__EXERCISE PROMPT__. Return the line containing "The ESFP also" together with every later line up to the end of the records, exactly and with no pictures; return nothing else.
------------------------------------------------------------------------
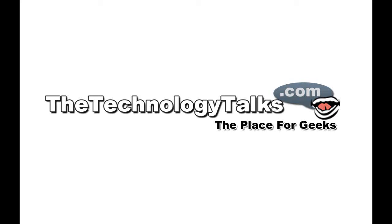Hey, what's up universe? Ebony here from TheTechnologyTalks.com. Today is September 2nd, 2010, and this is your Thursday edition of The Technology Talks.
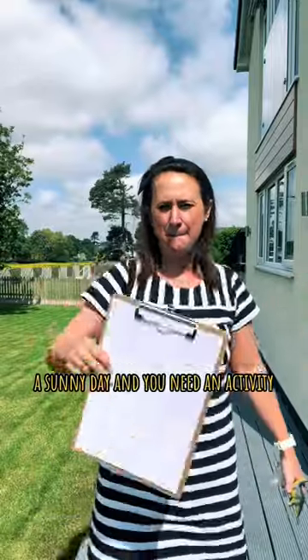On a sunny day and you need an activity, all you need is some paper, a pen, and some toys. Get children to draw the shadow of the toys.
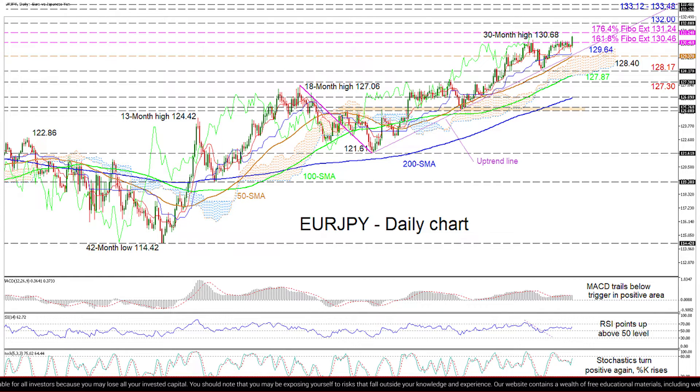Should the price happen to plunge past this area, the pair may sink towards the Ichimoku Cloud's lower band around 128.40 and the neighboring trough of 128.17.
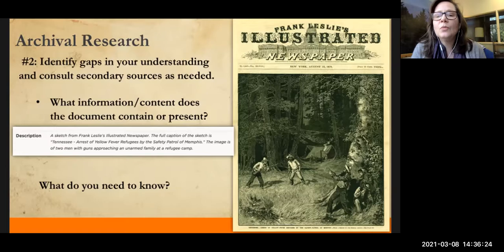What questions do you have looking at this? Who are the people in this image? Who are yellow fever refugees and what does that term mean? Who are the safety patrol of Memphis? Where did the refugees come from? Where was the yellow fever? Why are they arresting them? That's a really good question — why is this poor unarmed family cowering behind a tree being arrested by the safety patrol?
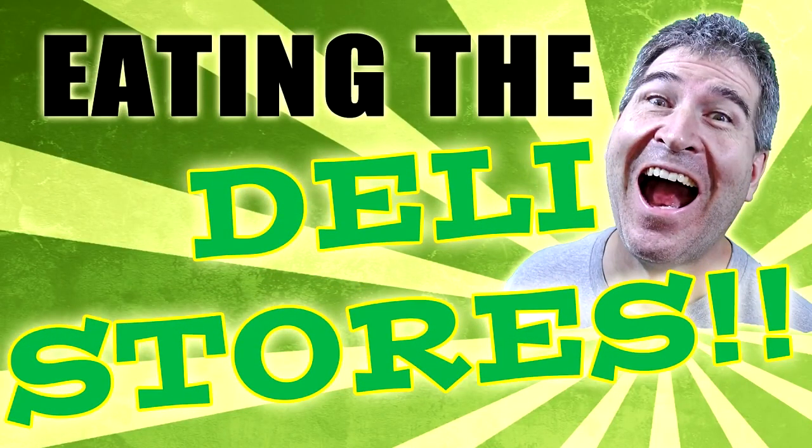You've dropped by for another exciting episode of Eating the Deli Stores. This is a series where I find these little itty-bitty, out-of-the-way deli store places, usually in gas stations, and find out what they have that's edible and what's not.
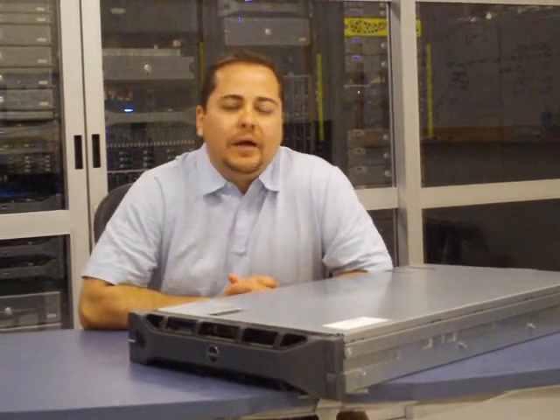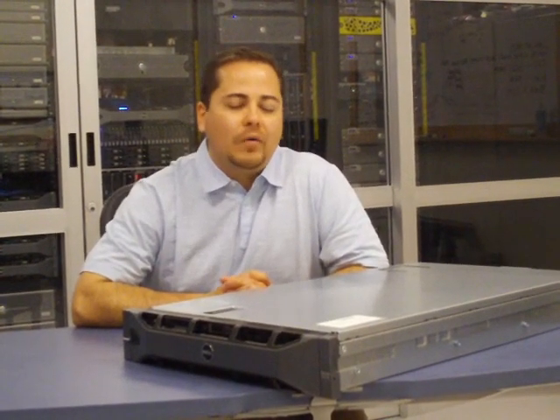Another key feature with the R815 is the 11th generation behavioral specification. The key thing with the behavioral specification is that it allows customers to know one Dell server, they know all Dell servers. With our component placement and our available specification, this allows customers to know where all our power supplies, LCDs, and hard drives are located across our systems.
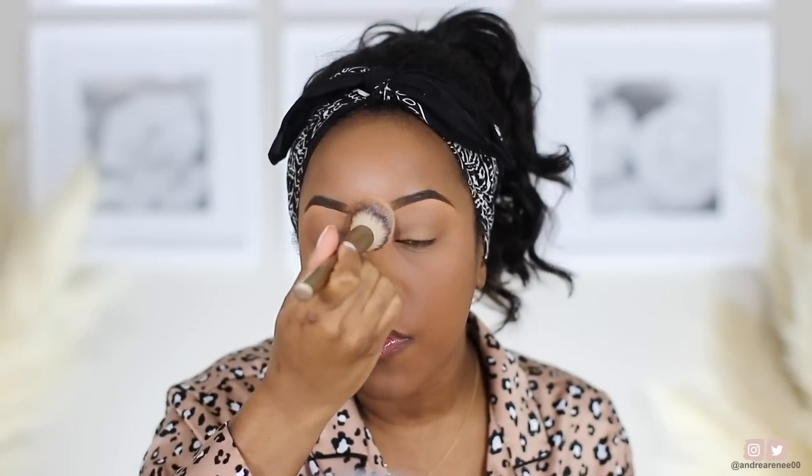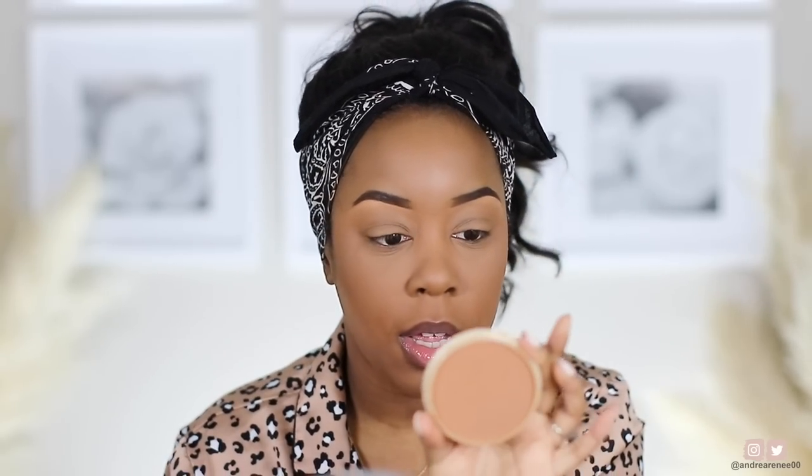Then I take my Rimmel London Stay Matte powder in the shade Toffee to set the rest of my face and buff it out all over. I always like to go back into my brows with the spoolie after, because a little bit of foundation and powder sweeps into the brow — so doing this makes them fade out really prettily. You can see how it gives that really pretty fade.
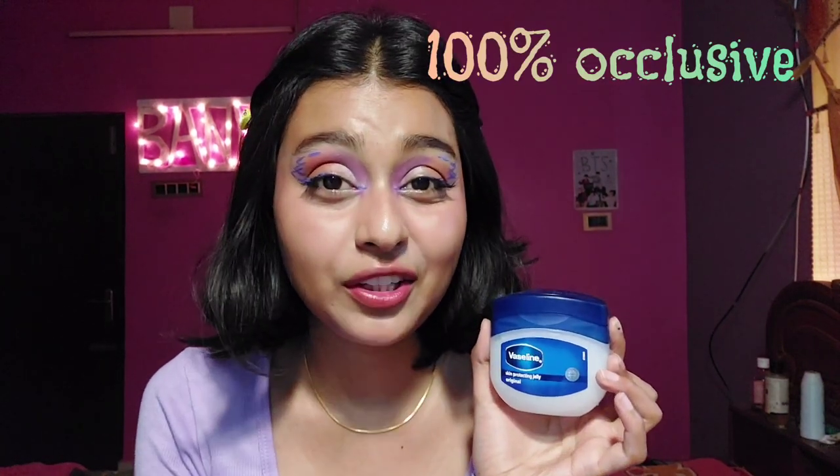Is slugging safe to use? Absolutely. Slugging is the safest way to lock hydration and lock moisture into your skin. We're talking 100% pure petroleum jelly — that is Vaseline — and Vaseline is 100% occlusive. I have made a dedicated review regarding Vaseline and how you can use it not just on chapped lips but in multiple ways. I'll link it in the i-button. Now let's continue with slugging.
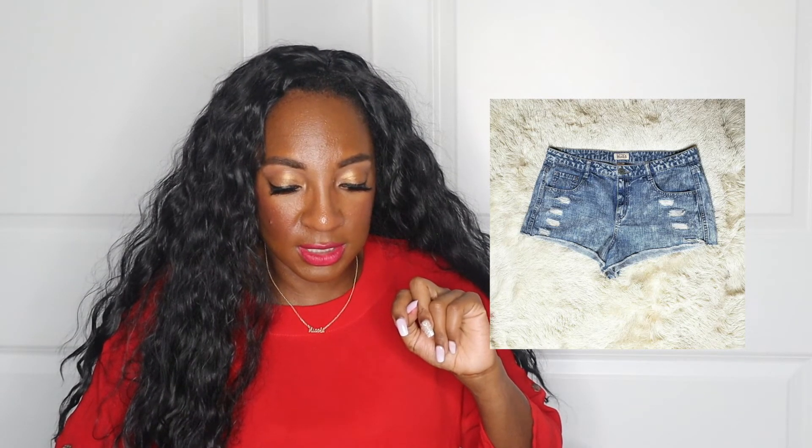Next up: a Brandy Melville John Galt white sweatshirt — another bins find. This sold in June, so don't be afraid to pick up things year-round. I sell everything year-round. It sold for $16.99.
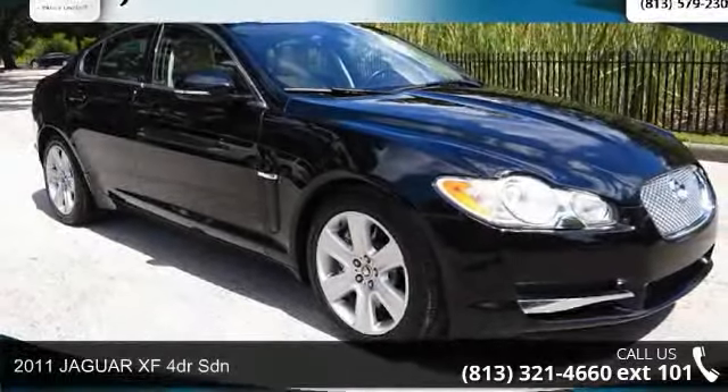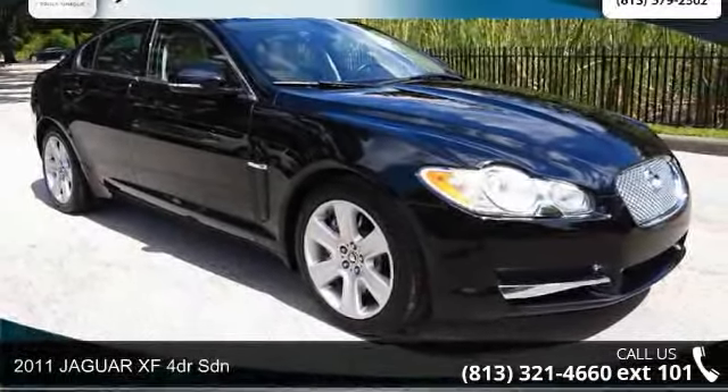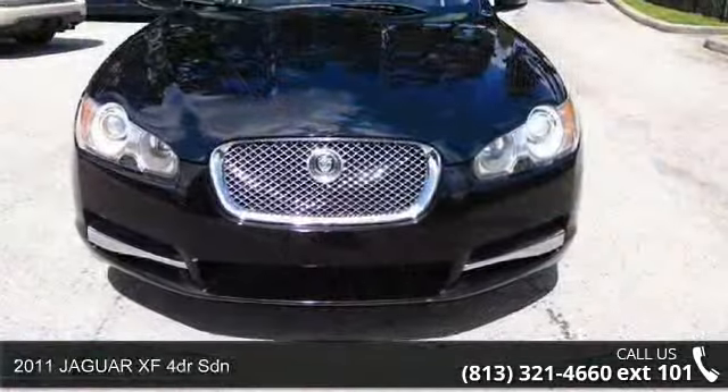Step into the 2011 Jaguar XF. This may be the set of wheels you've been looking for.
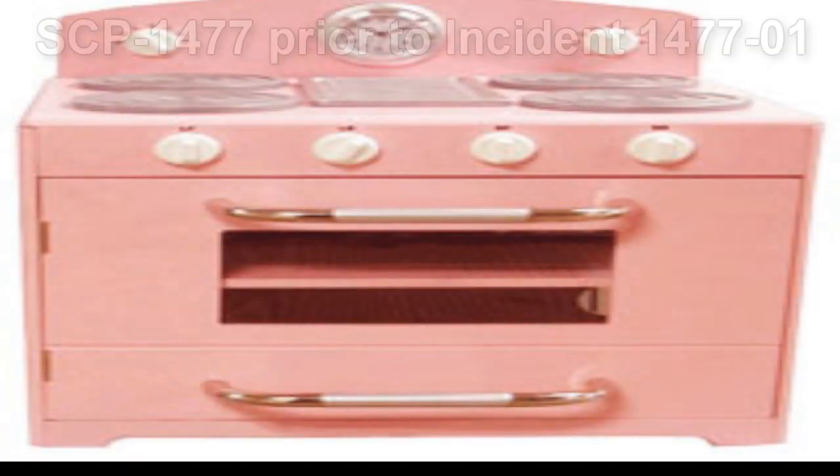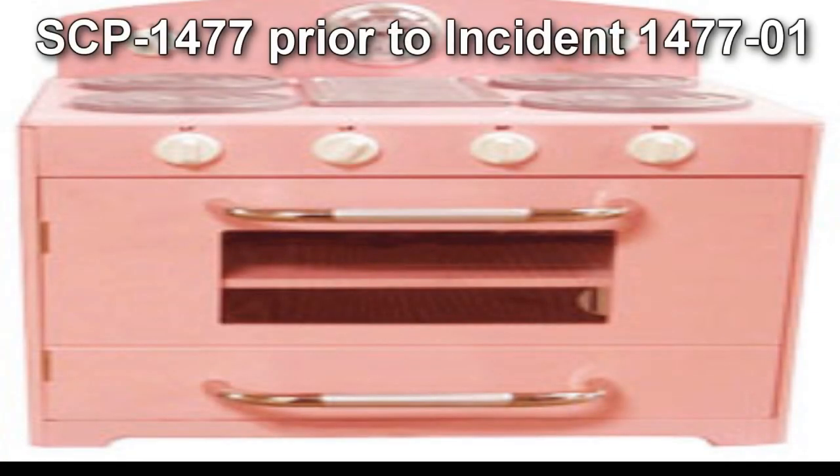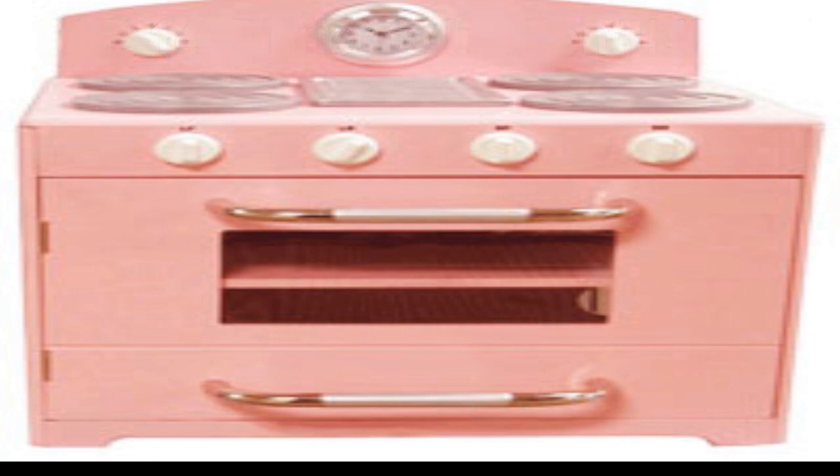SCP-1477. Item number SCP-1477. Object Class: Safe. Special Containment Procedures: SCP-1477 is currently contained in a high-security vault at Sector 25 with Level 4 access. Following Incident 1477-01, testing with SCP-1477 has been suspended.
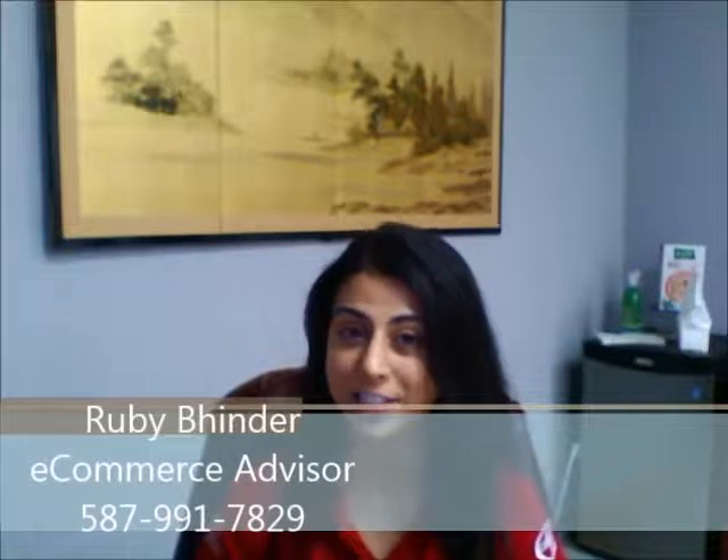Hi, Edmar! Hi, Helita! This is Ruby from Mayfield Toyota Scion. I just wanted to take an opportunity to introduce myself. I'd also like to show you around our dealership and show you what Mayfield Toyota has to offer you and your family.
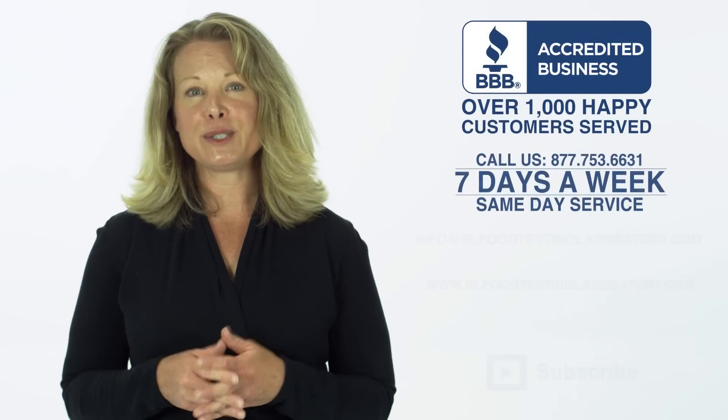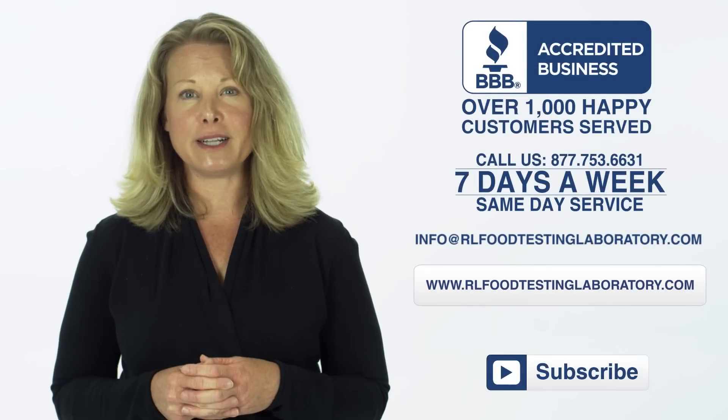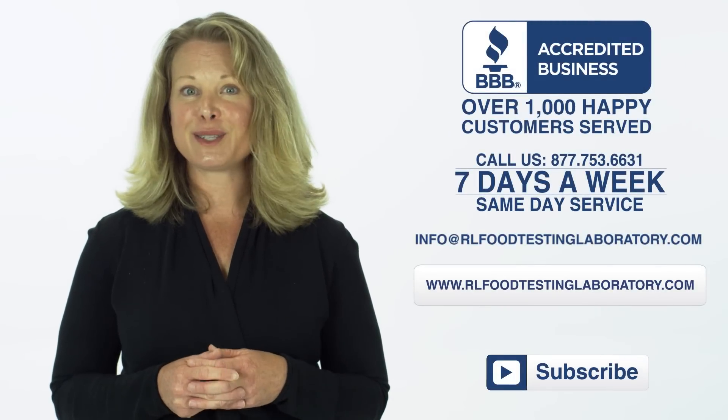So if you have any questions or are ready to place your order, just give us a call or email us. We are standing by 7 days a week. Thank you.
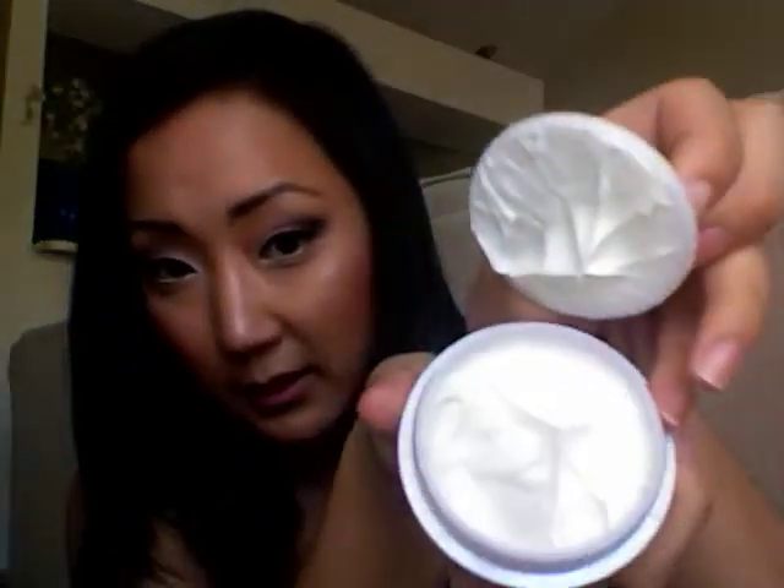And then at night I use the MAC Studio Moisture Cream. I will open it and show you. It's really creamy and it really hydrates your face. It's kind of heavy for daytime, so I tend to use it only at night. But I wake up the next morning and my face feels completely hydrated, which is really nice.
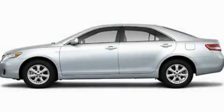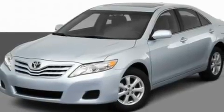This is a 2011 Toyota Camry. It features a 2.5-liter four-cylinder engine and an automatic transmission.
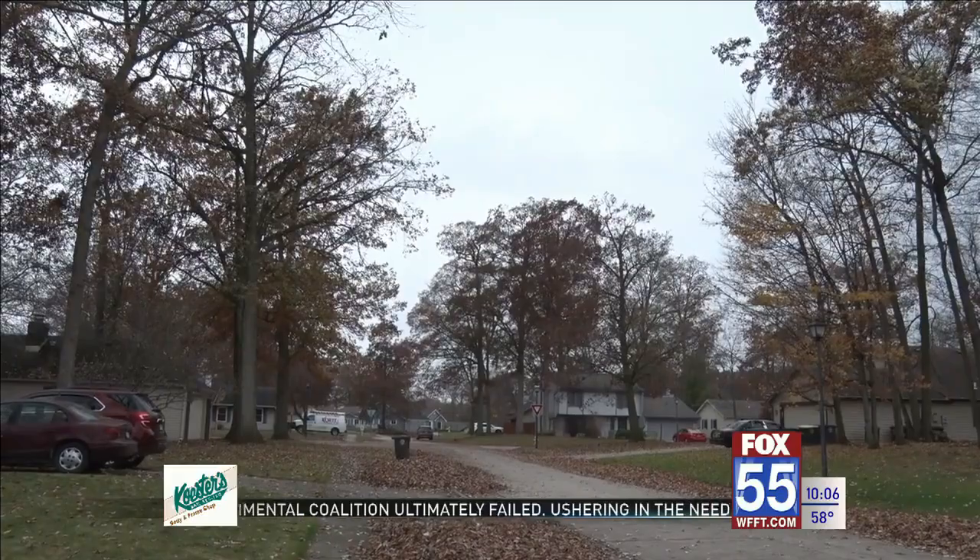In Fort Wayne, I'm Brianna Bias, Fox 55 News. The street department says residents received a leaf collection schedule in the mail already, but if you need a reminder, you can find the schedule in this story on their website at wfft.com.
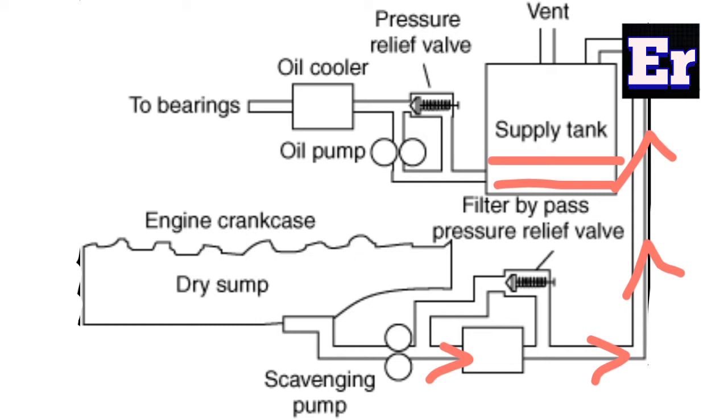In the dry sump, there is no oil in the engine. The tank is separate, so the crankcase can be smaller. Because the crank is small, we can lower the engine height — the engine sits lower. This lowers the center of gravity, so handling is better.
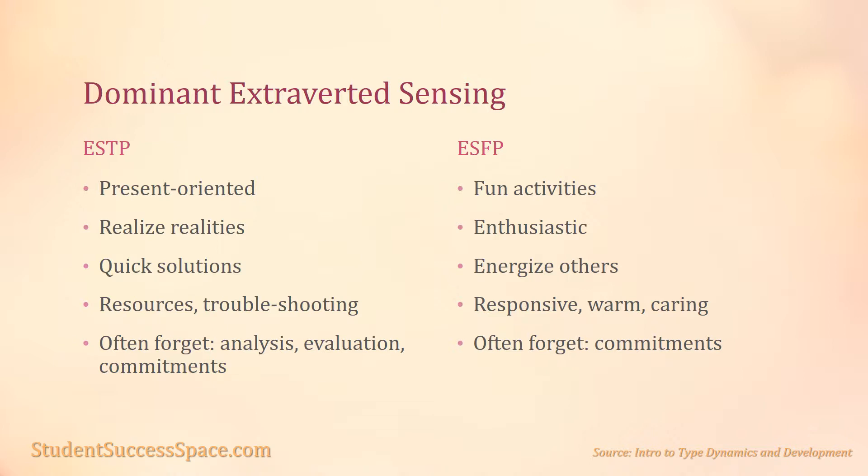The ESFP also uses dominant extroverted sensing to generate the stimulating and fun activities for people around them. They plunge into action with enthusiasm and energize people to work as a team. Their auxiliary introverted feeling makes them responsive to the needs of others, guides their decisions, and creates a warm and caring style within their interactions.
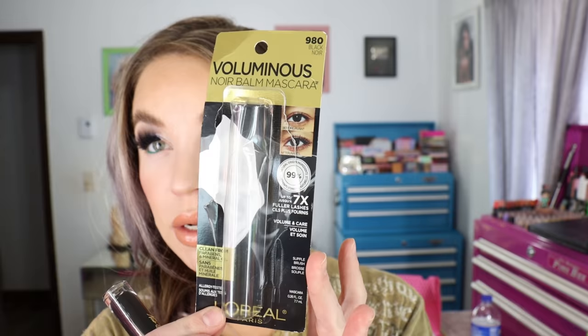I'm going to start off with a few items I got from the drugstore. I wanted to try this new Voluminous Noir Balm Mascara from L'Oreal. There was something about the balm in the title that really intrigued me — like a nourishing aspect to the mascara. I got shade 980 Black Noir and it says on the packaging it's clean from parabens and mineral oil, up to 7 times fuller lashes, and 99% natural origin ingredients. There's 0.26 ounces of product and it's made in the USA.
------------------------------------------------------------------------
__WRITTEN ANSWER__.
The ESFP also uses dominant extroverted sensing to generate the stimulating and fun activities for people around them. They plunge into action with enthusiasm and energize people to work as a team. Their auxiliary introverted feeling makes them responsive to the needs of others, guides their decisions, and creates a warm and caring style within their interactions.
I'm going to start off with a few items I got from the drugstore. I wanted to try this new Voluminous Noir Balm Mascara from L'Oreal. There was something about the balm in the title that really intrigued me — like a nourishing aspect to the mascara. I got shade 980 Black Noir and it says on the packaging it's clean from parabens and mineral oil, up to 7 times fuller lashes, and 99% natural origin ingredients. There's 0.26 ounces of product and it's made in the USA.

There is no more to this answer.